An exact copy of every record below is required, with the pictures left out.

(THE INPUT begins)

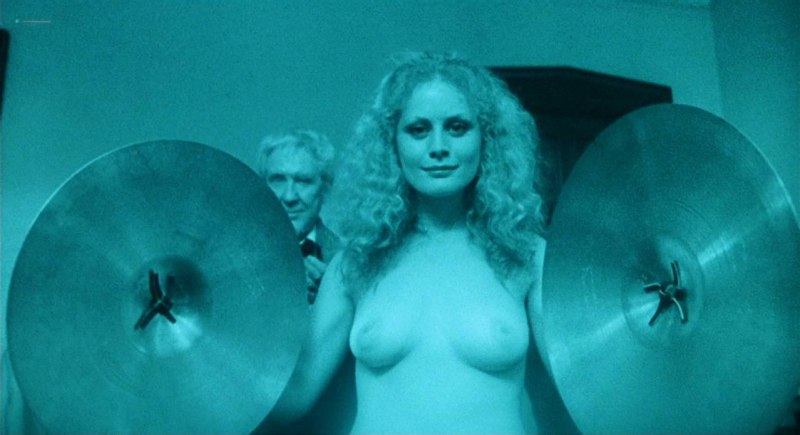 Элизабет Хёрли голая в фильмах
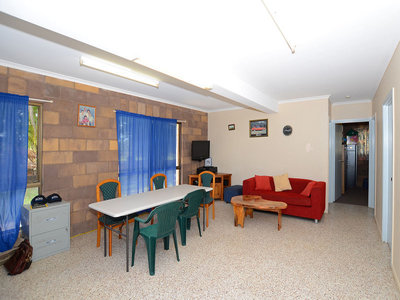 7 RODERICK COURT, Sunshine Acres
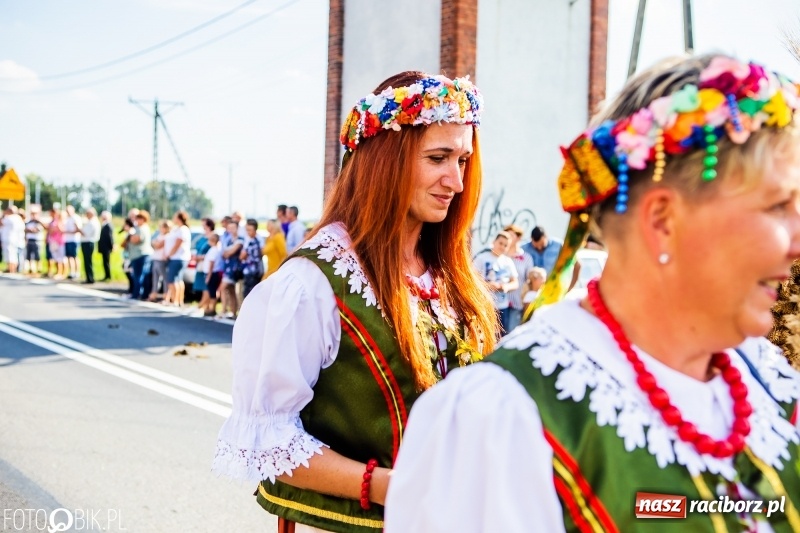Zdjęcie w galerii na portalu naszraciborz.pl: Dożynki gminy Krzyżanowice. W Roszkowie jak na karnawale w Rio wiadomości z regionu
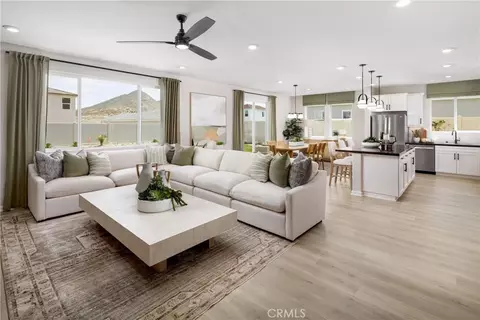 29674 Lisa Cir, Winchester, CA 92596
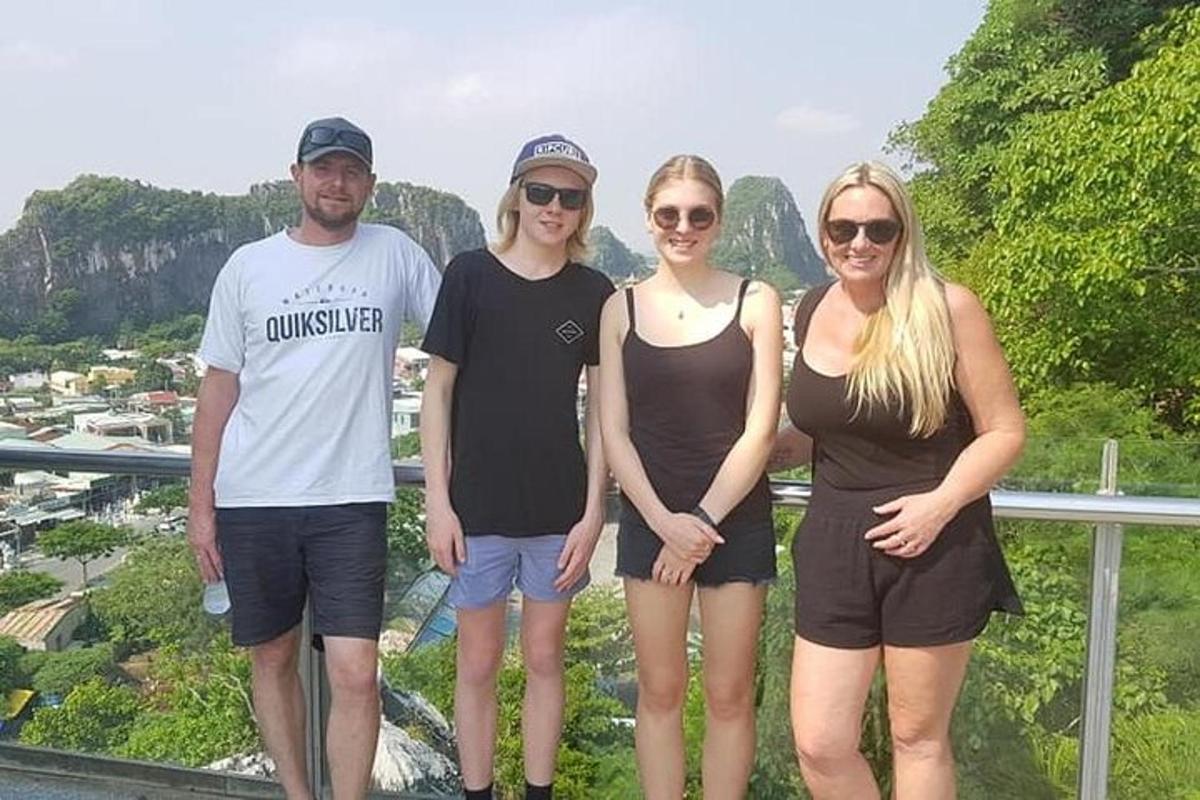 група людей, що стоять на даху будівлі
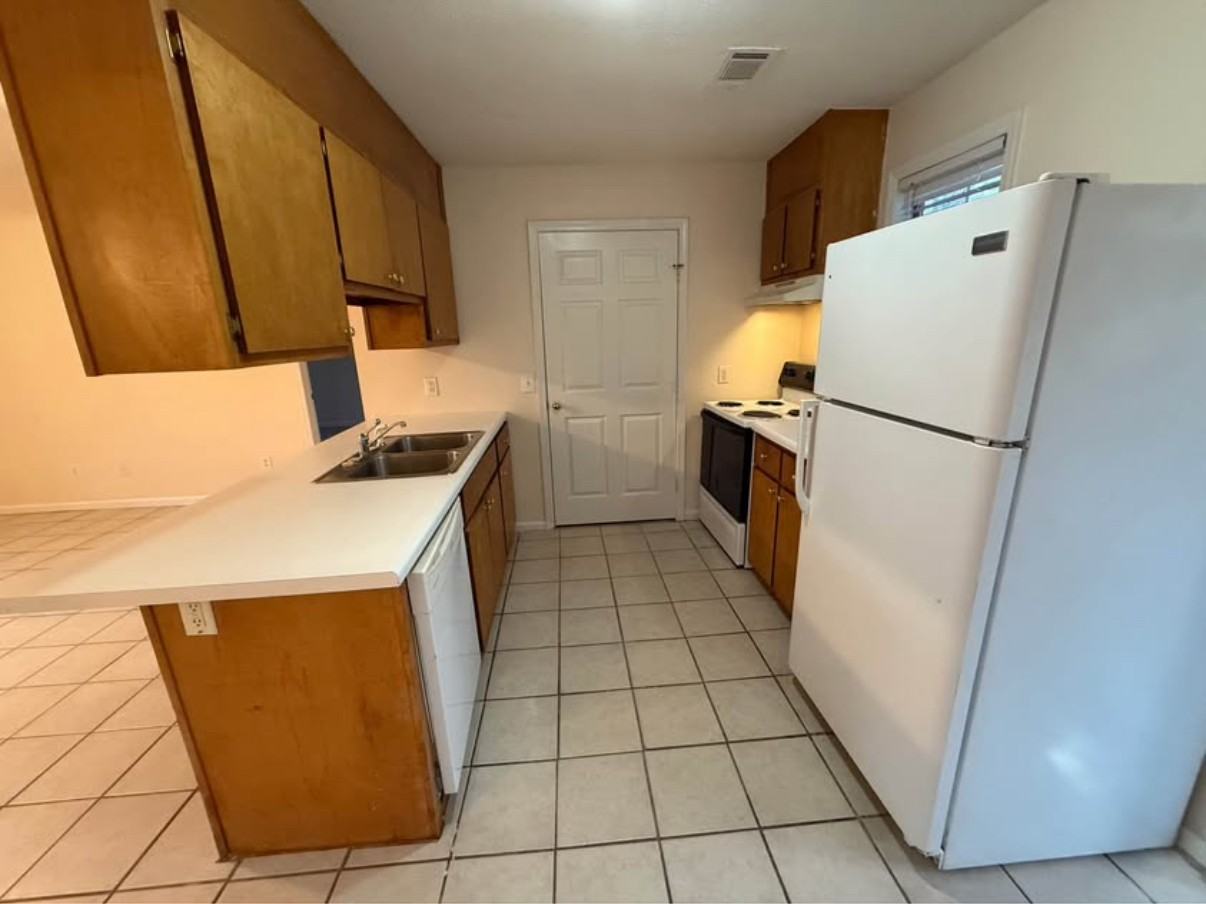 48 Lee Road 2060 #NA - Photo 3 of 17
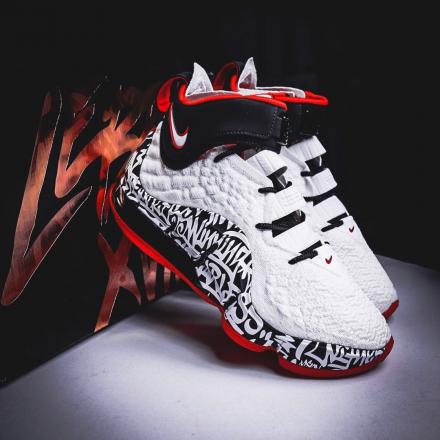 国内6月5日発売予定】ナイキ レブロン 17 FP 
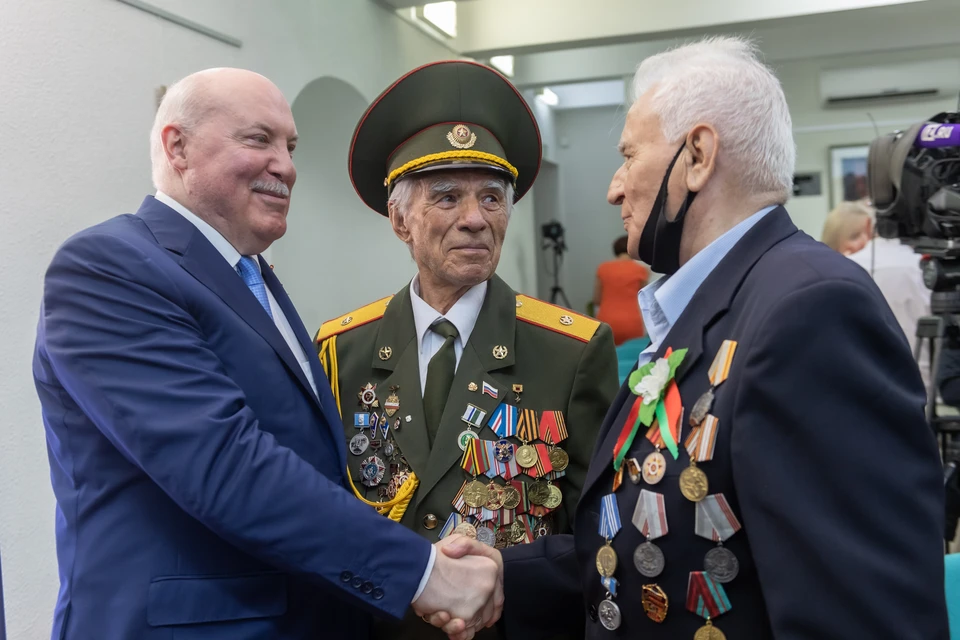 К празднику Победы ветеранам выплатят федеральную поддержку в размере 10 тысяч рублей.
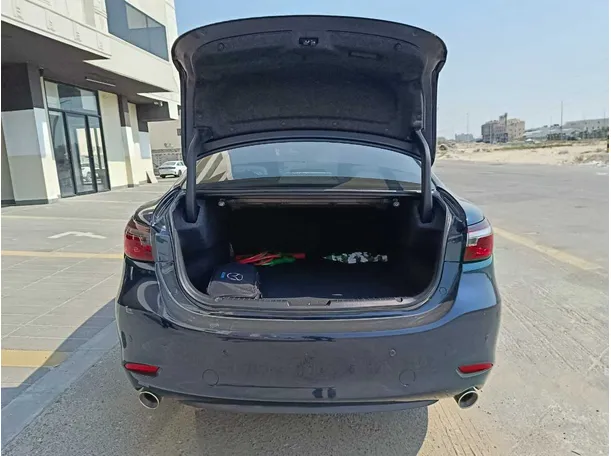 Car image 30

(THE INPUT ends)

§ **REPLY TO THE TASK**
 Элизабет Хёрли голая в фильмах
 7 RODERICK COURT, Sunshine Acres
Zdjęcie w galerii na portalu naszraciborz.pl: Dożynki gminy Krzyżanowice. W Roszkowie jak na karnawale w Rio wiadomości z regionu
 29674 Lisa Cir, Winchester, CA 92596
 група людей, що стоять на даху будівлі
 48 Lee Road 2060 #NA - Photo 3 of 17
 国内6月5日発売予定】ナイキ レブロン 17 FP 
 К празднику Победы ветеранам выплатят федеральную поддержку в размере 10 тысяч рублей.
 Car image 30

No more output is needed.